Before including any log lines in the triage summary, scan them for credentials, API keys, tokens, connection strings, or PII. Redact anything sensitive. The summary will likely be pasted into Slack, a ticket, or an incident-management tool, and you do not want secrets riding along.

### 4. Check health endpoints

If the service has health check URLs, check them. Derive the base URL from the alert payload or from the user's input rather than assuming `localhost`. If the agent is running on a development machine or CI host, `localhost` will resolve to the wrong process.

```bash
curl -s -o /dev/null -w "%{http_code} %{time_total}s" \
  https://<service-host>/health
```

Also check common health paths: `/health`, `/healthz`, `/api/health`, `/status`, `/ready`.

Record:

- HTTP status code
- Response time
- Whether the response body indicates degraded components

If you do not know the service URL, ask the user or skip this step.

### 5. Check resource usage

If you have shell access to the affected host, sample current resource usage.
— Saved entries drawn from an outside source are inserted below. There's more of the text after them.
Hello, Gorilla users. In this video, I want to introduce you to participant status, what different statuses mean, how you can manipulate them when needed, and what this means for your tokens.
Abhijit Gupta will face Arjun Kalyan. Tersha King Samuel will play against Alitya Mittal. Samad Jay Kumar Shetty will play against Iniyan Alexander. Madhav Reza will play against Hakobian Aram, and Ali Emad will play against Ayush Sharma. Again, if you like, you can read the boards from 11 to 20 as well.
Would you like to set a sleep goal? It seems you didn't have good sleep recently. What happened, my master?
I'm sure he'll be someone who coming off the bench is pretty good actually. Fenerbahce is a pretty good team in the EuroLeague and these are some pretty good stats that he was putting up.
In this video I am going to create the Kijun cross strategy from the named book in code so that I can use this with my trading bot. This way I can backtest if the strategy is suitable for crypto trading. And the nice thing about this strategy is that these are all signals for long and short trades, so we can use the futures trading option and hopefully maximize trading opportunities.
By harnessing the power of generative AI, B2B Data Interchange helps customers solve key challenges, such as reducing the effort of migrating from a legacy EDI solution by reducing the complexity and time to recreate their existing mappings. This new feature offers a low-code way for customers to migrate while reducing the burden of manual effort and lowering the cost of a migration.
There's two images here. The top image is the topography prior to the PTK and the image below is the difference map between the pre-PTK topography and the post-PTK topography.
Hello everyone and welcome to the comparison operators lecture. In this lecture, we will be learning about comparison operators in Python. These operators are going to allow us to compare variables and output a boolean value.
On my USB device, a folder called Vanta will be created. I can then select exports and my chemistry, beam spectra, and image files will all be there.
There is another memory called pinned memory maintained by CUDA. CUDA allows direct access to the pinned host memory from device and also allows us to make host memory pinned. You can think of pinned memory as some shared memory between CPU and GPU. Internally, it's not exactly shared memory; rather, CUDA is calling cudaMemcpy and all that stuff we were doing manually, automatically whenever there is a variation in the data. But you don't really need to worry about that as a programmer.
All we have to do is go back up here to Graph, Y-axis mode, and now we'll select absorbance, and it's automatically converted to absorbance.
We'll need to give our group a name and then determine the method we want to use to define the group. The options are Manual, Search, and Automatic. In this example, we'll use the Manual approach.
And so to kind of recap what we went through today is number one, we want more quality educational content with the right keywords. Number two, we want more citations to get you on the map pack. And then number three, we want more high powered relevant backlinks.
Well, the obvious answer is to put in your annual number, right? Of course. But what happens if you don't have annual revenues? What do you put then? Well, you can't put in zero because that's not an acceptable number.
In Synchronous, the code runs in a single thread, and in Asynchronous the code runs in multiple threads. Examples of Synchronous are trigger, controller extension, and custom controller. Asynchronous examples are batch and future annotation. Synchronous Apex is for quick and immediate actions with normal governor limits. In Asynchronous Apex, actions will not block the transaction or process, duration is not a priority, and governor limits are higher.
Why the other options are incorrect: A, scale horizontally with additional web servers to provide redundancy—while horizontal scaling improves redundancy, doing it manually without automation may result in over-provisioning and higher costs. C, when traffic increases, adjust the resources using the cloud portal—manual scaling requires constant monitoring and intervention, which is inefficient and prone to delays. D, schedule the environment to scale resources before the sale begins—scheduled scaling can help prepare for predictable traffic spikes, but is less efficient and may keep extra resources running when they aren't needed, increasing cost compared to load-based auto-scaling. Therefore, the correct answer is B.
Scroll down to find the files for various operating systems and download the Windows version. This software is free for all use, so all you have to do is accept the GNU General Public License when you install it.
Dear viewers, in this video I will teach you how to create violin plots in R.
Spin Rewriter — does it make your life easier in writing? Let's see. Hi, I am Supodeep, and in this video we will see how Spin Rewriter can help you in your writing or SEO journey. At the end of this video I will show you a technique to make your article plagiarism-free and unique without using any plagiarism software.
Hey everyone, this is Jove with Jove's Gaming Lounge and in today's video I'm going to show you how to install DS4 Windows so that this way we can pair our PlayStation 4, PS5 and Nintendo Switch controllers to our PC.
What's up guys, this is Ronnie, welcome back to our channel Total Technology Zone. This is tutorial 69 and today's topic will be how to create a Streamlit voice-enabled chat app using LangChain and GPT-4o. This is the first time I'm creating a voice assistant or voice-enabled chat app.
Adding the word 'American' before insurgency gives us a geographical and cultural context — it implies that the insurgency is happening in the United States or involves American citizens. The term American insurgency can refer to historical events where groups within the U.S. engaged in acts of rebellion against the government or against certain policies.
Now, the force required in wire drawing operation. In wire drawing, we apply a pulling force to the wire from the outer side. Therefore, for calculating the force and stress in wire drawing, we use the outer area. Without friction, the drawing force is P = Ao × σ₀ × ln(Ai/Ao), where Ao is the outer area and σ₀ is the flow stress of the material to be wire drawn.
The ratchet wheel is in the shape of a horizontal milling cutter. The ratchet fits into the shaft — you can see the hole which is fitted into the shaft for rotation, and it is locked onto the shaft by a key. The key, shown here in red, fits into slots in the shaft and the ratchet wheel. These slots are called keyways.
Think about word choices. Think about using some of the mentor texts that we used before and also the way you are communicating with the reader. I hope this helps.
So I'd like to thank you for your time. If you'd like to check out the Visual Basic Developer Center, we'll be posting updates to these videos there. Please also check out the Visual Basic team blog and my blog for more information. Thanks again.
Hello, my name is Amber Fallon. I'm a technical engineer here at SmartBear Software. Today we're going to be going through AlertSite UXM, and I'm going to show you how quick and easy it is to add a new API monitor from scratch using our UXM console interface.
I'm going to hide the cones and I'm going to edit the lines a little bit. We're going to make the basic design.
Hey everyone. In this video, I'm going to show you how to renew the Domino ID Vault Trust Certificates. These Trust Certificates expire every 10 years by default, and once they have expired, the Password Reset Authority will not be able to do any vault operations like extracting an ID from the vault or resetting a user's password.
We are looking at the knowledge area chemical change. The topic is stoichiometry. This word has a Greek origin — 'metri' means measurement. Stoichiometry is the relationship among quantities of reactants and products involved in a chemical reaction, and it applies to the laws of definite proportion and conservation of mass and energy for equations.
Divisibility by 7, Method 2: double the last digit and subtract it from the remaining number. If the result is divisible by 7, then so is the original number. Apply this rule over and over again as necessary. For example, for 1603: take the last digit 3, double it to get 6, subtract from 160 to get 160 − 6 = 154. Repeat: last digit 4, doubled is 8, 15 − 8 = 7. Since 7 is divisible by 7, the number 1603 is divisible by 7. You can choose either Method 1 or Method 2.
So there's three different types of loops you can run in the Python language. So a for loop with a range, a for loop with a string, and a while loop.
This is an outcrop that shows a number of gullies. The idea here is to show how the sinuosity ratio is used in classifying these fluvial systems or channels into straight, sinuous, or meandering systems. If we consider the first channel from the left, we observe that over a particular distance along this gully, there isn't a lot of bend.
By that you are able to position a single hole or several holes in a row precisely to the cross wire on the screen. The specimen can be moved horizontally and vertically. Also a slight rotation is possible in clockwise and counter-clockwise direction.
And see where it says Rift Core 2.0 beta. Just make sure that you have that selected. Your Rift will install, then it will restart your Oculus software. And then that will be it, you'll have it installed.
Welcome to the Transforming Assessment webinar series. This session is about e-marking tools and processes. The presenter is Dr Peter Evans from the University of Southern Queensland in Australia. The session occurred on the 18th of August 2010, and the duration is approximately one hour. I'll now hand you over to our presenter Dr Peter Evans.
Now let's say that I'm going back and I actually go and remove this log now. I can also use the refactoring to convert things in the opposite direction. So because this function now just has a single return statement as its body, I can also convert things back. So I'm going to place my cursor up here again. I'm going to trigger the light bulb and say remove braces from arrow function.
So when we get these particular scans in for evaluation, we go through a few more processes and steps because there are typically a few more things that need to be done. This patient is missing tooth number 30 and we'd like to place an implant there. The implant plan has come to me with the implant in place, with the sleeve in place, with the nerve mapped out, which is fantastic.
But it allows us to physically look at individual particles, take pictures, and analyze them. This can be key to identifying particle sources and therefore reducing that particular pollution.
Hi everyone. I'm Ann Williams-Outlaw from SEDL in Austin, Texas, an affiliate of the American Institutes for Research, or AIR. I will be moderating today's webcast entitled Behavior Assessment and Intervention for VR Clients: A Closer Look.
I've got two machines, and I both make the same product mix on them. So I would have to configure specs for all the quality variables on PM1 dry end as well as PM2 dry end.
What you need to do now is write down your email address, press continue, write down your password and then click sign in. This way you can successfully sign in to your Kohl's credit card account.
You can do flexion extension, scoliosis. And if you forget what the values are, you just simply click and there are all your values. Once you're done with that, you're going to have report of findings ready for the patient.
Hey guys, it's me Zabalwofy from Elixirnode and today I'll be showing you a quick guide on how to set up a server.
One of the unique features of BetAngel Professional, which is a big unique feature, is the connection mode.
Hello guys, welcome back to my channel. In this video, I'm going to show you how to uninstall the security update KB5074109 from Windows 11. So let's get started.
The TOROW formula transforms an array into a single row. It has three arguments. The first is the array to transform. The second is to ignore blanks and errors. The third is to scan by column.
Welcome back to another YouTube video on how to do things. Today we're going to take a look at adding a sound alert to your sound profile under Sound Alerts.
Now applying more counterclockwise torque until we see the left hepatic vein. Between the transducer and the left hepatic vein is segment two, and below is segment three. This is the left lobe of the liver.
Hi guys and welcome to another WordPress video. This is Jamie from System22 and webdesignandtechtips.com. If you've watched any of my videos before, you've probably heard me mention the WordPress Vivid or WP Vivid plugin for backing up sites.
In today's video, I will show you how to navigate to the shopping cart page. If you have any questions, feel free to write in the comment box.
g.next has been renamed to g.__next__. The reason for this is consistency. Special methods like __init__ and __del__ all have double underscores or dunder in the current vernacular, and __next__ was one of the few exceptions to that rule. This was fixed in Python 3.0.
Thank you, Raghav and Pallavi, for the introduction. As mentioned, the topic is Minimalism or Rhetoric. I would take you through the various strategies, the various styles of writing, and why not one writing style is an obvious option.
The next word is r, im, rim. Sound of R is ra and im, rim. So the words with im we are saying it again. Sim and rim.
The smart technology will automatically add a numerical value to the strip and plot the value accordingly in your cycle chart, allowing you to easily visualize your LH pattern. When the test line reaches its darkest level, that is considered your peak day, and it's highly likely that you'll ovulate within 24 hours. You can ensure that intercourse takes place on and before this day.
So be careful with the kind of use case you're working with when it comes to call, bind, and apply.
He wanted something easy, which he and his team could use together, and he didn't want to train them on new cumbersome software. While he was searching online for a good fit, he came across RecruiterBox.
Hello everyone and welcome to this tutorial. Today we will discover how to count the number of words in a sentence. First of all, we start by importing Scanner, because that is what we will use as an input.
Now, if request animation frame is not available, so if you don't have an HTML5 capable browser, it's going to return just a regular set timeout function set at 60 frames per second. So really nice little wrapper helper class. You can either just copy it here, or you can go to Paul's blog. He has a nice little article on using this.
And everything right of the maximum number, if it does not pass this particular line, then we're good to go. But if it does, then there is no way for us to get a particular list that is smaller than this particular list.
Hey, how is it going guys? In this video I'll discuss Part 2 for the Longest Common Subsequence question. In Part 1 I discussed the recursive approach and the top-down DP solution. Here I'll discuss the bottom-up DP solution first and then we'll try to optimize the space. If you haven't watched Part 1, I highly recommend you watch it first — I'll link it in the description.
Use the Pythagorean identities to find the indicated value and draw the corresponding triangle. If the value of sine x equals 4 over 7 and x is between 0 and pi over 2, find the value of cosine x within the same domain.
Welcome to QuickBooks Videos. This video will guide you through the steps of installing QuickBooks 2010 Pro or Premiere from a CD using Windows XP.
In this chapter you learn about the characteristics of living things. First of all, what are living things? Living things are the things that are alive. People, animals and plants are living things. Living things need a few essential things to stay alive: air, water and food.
Use a two-sample `top` so the second reading reflects current activity rather than since-boot averages:

```bash
# CPU and memory (use the second sample, not the first)
top -bn2 -d 0.5 | tail -20

# Disk usage
df -h

# Open connections
ss -s
```

Note anything unusual: high CPU, memory near capacity, disk full, connection count spikes.

### 6. Build a timeline

From the information gathered in steps 1 through 5, construct a timeline:

- When was the last successful state (if determinable)?
- When did the first error appear in logs?
- Were there any deployments between the last success and the first error?
- Is the error ongoing or did it resolve?

### 7. Assess severity

Based on the evidence, assign a severity:

- SEV-1 (Critical): Service is fully down. Users cannot complete core actions. Data loss is occurring or likely.
- SEV-2 (High): Service is degraded. Some users are affected, or a non-core function is completely broken.
- SEV-3 (Medium): Errors are occurring but the service is functional. Performance is degraded but usable.
- SEV-4 (Low): Cosmetic or minor issue. No user impact yet, but the error rate is elevated.

### 8. Produce the triage summary

Output the summary in this format:

```
## Incident triage

**Service:** [name]
**Severity:** [SEV-1/2/3/4]: [one-line reason]
**Status:** [ongoing / intermittent / resolved]
**Started:** [timestamp or estimate]
**Duration:** [how long so far]

### Timeline

- [timestamp] [event]
- [timestamp] [event]
- ...

### What we know

[2-4 sentences summarizing the evidence. What is broken, how it
manifests, and who is affected.]

### Likely cause

[Your best assessment based on the evidence. Be specific.
"The deployment at 14:32 changed the database connection pool
configuration, and the first connection timeout appeared at 14:35"
is better than "something might be wrong with the database."]

### Suggested next steps (human actions)

1. [Most important action for a human to take now]
2. [Second priority]
3. [Third priority]

### Raw evidence

<details>
<summary>Log excerpts</summary>

[Relevant log lines, redacted of any credentials or PII]

</details>

<details>
<summary>Health check results</summary>

[Output from health checks]

</details>
```

## Important rules

- NEVER take remediation actions. Do not restart services, roll back deployments, modify configuration, or change anything. This skill is investigation only.
- NEVER guess when you can check. If you can run a command to verify something, run it.
- NEVER bury the severity. Put it at the top of the summary so the on-call engineer sees it immediately.
- NEVER include credentials, API keys, tokens, or PII in the triage summary. Scan log excerpts before pasting them into Raw evidence and redact anything sensitive.
- Suggested next steps describe what a human should do, not what you have done or will do. The "(human actions)" label exists so the on-call engineer is never unsure who is acting.
- If you cannot access logs or health endpoints, say so explicitly. Do not fabricate evidence.
- If the evidence is ambiguous, say "likely cause" not "root cause." You are triaging, not concluding.
- Keep the triage summary under 50 lines. The on-call engineer needs to read it in 30 seconds.